さらに、交渉で最終的に合意するか否かという段階では、慎重さが肝要となります。関係する事情を十分に検討せずに安易に合意するのは慎むべきです。
以下、交渉に向けてのポイントになる点を説明しておきましょう。
(1)現状把握(強みと弱み、相手との関係、性格等)
自分と相手の強みと弱み(主張の正当性、証拠の有無等)、相手との関係(継続的な関係か1回的な関係か、経済的事情等)などを検討します。
また、人間は感情に左右される生き物ですから、自分と相手の性格(強気か弱気かなど)もある程度踏まえて交渉にのぞむ必要があります。
(2)優先順位(希望)の確認
自分がどんな結果を希望するか、何を優先するのかを考えます。
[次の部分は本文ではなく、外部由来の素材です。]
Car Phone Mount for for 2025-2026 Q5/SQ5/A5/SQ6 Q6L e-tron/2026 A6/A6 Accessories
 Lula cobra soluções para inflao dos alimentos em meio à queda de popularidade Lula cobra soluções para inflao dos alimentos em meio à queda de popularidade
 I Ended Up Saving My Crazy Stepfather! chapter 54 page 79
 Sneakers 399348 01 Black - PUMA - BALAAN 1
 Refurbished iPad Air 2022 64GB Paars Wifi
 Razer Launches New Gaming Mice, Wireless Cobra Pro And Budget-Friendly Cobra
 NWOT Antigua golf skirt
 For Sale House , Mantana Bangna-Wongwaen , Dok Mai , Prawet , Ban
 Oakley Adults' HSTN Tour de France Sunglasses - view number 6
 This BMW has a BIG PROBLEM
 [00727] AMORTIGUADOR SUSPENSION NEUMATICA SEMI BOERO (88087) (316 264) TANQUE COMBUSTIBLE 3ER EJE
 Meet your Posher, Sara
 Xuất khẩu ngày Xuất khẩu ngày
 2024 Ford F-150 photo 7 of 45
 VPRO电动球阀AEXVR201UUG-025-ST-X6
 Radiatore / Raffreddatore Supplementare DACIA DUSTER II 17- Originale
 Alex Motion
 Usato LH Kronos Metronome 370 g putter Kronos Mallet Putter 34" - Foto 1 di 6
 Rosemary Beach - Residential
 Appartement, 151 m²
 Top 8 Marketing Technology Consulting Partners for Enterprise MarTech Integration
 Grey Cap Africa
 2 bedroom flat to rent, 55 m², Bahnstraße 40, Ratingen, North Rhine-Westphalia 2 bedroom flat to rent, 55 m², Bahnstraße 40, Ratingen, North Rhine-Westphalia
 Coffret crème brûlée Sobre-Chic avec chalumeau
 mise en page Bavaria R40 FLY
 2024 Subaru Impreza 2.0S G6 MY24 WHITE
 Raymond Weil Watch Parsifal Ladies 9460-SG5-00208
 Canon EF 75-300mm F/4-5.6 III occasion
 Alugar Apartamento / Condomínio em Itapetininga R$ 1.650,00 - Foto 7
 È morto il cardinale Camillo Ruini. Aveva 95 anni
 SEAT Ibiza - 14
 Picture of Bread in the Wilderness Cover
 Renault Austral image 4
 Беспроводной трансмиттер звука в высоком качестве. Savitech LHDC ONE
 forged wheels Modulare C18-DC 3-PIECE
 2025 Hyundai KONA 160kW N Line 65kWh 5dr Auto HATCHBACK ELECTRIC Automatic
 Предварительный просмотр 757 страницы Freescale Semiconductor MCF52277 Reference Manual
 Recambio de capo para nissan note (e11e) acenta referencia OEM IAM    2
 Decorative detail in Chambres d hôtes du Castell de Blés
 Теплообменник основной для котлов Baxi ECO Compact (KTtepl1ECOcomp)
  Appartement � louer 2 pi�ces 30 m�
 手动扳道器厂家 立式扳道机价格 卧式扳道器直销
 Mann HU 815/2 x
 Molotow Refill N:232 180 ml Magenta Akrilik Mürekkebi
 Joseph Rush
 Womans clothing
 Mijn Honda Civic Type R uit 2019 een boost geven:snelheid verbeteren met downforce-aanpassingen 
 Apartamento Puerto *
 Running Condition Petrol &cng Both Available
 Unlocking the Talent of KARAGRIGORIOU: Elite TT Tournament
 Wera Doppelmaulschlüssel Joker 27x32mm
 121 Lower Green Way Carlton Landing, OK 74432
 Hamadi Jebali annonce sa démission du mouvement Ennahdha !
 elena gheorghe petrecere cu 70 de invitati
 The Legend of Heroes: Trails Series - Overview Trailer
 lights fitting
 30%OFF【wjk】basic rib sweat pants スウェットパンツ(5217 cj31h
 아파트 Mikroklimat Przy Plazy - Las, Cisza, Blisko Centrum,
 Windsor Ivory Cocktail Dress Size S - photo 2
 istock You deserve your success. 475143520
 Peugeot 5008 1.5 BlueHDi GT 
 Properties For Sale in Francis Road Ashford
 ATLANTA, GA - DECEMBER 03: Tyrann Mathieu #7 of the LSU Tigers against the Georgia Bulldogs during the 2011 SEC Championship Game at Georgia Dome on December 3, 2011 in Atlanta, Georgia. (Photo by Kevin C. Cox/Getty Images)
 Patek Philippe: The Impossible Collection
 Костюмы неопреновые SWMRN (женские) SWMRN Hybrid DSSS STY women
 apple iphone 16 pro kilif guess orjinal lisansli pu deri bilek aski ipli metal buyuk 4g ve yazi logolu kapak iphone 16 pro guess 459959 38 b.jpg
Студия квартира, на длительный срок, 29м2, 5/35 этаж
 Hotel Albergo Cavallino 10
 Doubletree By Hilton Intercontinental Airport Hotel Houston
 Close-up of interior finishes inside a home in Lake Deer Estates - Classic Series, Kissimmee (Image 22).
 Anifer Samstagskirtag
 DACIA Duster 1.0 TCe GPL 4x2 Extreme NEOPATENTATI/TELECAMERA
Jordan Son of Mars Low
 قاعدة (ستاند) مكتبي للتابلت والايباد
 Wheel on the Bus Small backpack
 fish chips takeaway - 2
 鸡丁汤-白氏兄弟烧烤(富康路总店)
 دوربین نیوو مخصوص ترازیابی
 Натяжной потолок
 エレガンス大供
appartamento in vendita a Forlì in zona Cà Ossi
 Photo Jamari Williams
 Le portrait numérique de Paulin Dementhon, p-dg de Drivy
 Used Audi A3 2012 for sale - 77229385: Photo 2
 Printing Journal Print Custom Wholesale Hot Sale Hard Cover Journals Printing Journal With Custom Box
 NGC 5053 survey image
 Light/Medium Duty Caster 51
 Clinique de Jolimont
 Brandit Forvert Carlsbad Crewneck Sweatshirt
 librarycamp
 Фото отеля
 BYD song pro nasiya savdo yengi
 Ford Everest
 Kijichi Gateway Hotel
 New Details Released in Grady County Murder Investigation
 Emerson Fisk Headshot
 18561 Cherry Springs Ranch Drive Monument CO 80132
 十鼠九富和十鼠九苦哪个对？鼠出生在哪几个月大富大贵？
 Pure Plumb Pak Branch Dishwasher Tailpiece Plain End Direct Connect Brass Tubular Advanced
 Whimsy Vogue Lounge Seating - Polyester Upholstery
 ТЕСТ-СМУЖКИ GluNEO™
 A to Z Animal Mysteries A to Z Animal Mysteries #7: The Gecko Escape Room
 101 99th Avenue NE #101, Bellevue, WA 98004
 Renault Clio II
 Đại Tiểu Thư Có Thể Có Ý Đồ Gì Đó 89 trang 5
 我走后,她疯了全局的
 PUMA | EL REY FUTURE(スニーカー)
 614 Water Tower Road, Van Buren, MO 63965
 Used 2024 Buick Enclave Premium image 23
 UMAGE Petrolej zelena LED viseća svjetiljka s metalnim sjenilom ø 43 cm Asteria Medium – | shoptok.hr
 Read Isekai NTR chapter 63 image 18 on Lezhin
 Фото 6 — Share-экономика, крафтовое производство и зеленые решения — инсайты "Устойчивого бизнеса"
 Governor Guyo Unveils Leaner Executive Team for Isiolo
例えば、取引先から売掛金を回収したい場合、時間がかかっても債権全額を回収したいのか、早期解決を優先して一定程度譲歩しても良いのか、譲歩する場合はいくらまで譲歩できるか、といった希望をあらかじめ具体的に検討しておくべきです。希望の内容如何により、交渉においてとるべき方針が変わってきます。特に時間軸を意識しておくとよいでしょう。
上記の検討を踏まえて、解決の方針を選択することになります。
時間がかかっても最大の結果を得たいという希望があり、かつ、そのための強み(証拠等)を備えている場合は、自己の要求を端的に主張していくことになります。相手の話に安易にうなずいたりして、譲歩の期待をもたせることは避けるべきです。相手が任意に応じない場合、早々に交渉を切り上げて裁判を通じて争っていくことも選択肢となります。
これに対して、早期解決を望む場合や自分に弱みがある場合は、解決には原則相手の合意が必要になりますので、落としどころを探る作業になります。合意に向けて、ある意味感情を抑え、勝ち負けという発想は捨てるべきでしょう。相手の状況や性格などを踏まえて、分かりやすく説得する、感情に訴える、自分から譲歩を申し出る等、柔軟に対処することが必要になります。